Reads durable build job state, or returns `completed`/`not_found` for the
special synchronous zero UUID path.

## Sync And Maintenance

### `graph.enable_sync()`

```sql
graph.enable_sync() RETURNS void
```

Admin-only. Creates durable sync tables if needed and installs graph triggers on
registered tables.

### `graph.apply_sync()`

```sql
graph.apply_sync()
RETURNS TABLE (
  inserts_applied bigint,
  updates_applied bigint,
  deletes_applied bigint
)
```

Admin-only. Applies pending sync rows to the backend-local engine.

### `graph.run_scheduled_maintenance()`

```sql
graph.run_scheduled_maintenance()
RETURNS TABLE (
  applied_sync boolean,
  maintenance_started boolean,
  maintenance_job_id text,
  pending_sync_rows bigint,
  edge_buffer_used int,
  message text
)
```

Admin-only. Applies pending sync when `graph.sync_health()` says it is safe,
then starts `graph.maintenance(concurrently := true)` when refreshed health
still recommends compaction or rebuild work. pgGraph does not run an internal
scheduler; call this function from `pg_cron` or an external scheduler such as a
Kubernetes CronJob, systemd timer, Docker init schedule, or application
scheduler.

### `graph.vacuum()`

```sql
graph.vacuum()
RETURNS TABLE (
  nodes_before bigint,
  nodes_after bigint,
  tombstones_removed bigint,
  edges_rebuilt bigint,
  vacuum_time_ms double precision
)
```

Admin-only. Rebuilds from source tables and swaps in the rebuilt backend-local
engine; persistence writes the rebuilt base graph when requested by the caller.

### `graph.maintenance()`

```sql
graph.maintenance(concurrently boolean DEFAULT false)
RETURNS TABLE (
  job_id text,
  status text,
  sync_rows_applied bigint,
  nodes_after bigint,
  edges_after bigint,
  vacuum_time_ms double precision,
  error text
)
```

Admin-only. Foreground path applies maintenance rebuild immediately.
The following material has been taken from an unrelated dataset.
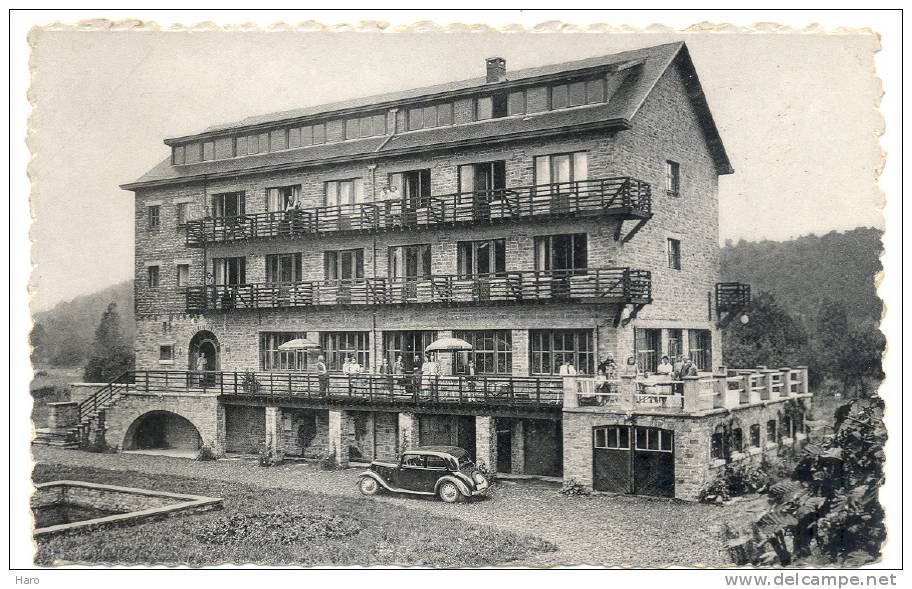 AMONINES - Hostellerie Du Vieux Moulin  (Y90)pr - Erezee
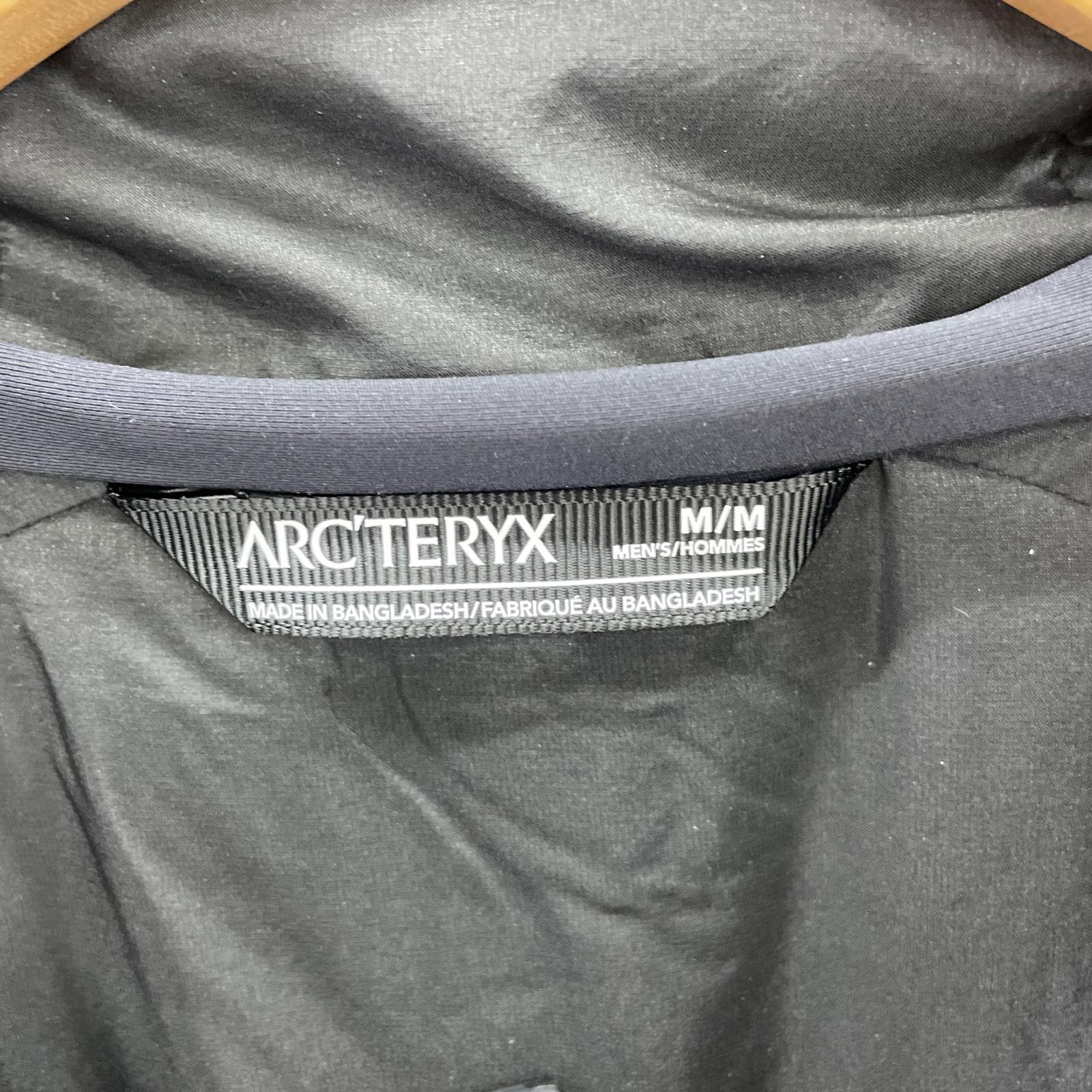 ジャケット Atom Heavyweight Hoody/M/ブラック M ブラック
Background
path creates a durable maintenance job and launches a dynamic worker.

### `graph.maintenance_status()`

```sql
graph.maintenance_status(job_id text DEFAULT NULL)
RETURNS TABLE (
  job_id text,
  status text,
  sync_rows_applied bigint,
  nodes_after bigint,
  edges_after bigint,
  vacuum_time_ms double precision,
  progress_phase text,
  progress_message text,
  started_at timestamp with time zone,
  finished_at timestamp with time zone,
  error text
)
```

With `NULL`, returns the latest 50 jobs. With a job ID, returns that job or a
single `not_found` row.

## Search

### `graph.search()`

```sql
graph.search(
  property_key text,
  property_value text,
  table_filter regclass DEFAULT NULL,
  mode text DEFAULT 'contains',
  case_sensitive boolean DEFAULT false,
  max_rows int DEFAULT 100,
  row_offset int DEFAULT 0,
  tenant text DEFAULT NULL,
  hydrate boolean DEFAULT true
)
RETURNS TABLE (
  node_table oid,
  node_id text,
  match_type text,
  score real,
  verified boolean,
  node jsonb,
  node_table_name text
)
```

Searches registered source-table columns.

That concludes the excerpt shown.